**Work instructions:** Once you find the line below that has "3884 Woodlawn Ave, Gurnee, IL", output it and every line after it exactly, stopping after the line that has "Photo of property", with no pictures.

*** Opening Input records ***

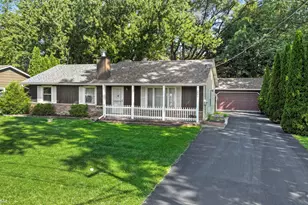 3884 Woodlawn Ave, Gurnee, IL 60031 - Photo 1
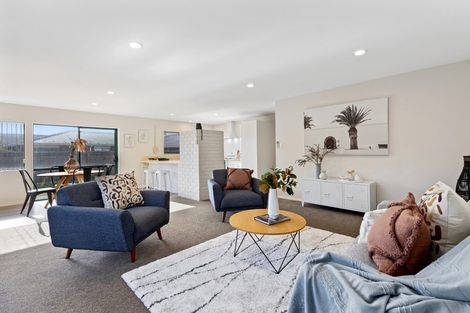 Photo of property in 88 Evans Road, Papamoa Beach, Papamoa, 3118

*** Closing Input records ***
*** Opening Input records ***

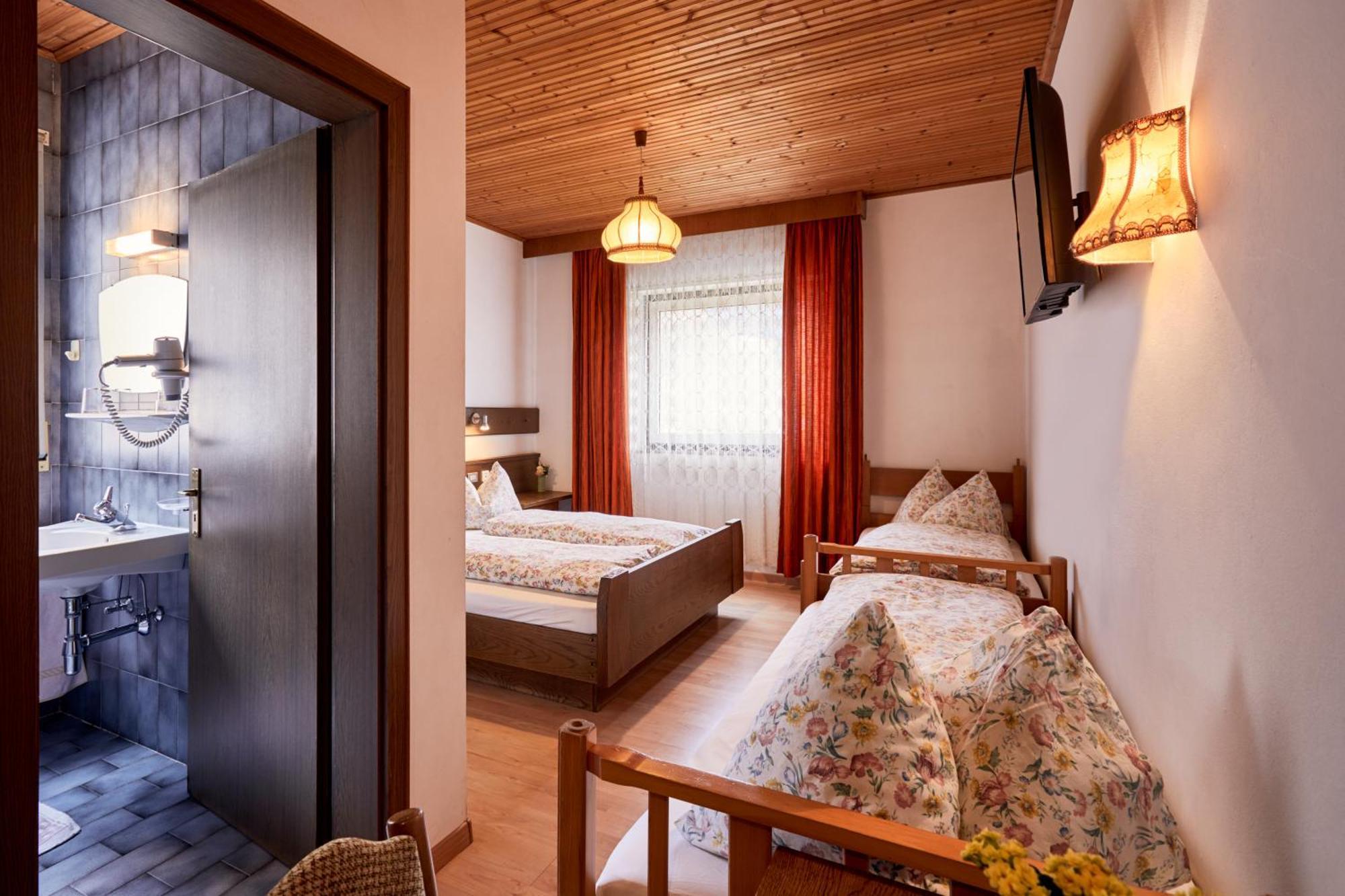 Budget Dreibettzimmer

*** Closing Input records ***
*** Opening Input records ***

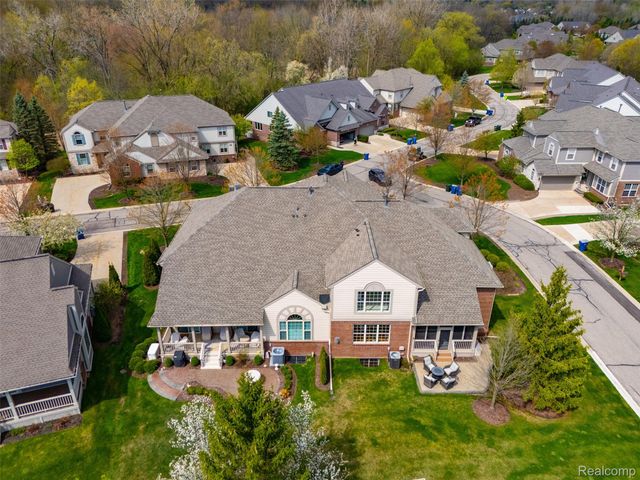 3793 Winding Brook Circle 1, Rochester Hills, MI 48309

*** Closing Input records ***

**Response to this exercise:**
 3884 Woodlawn Ave, Gurnee, IL 60031 - Photo 1
 Photo of property in 88 Evans Road, Papamoa Beach, Papamoa, 3118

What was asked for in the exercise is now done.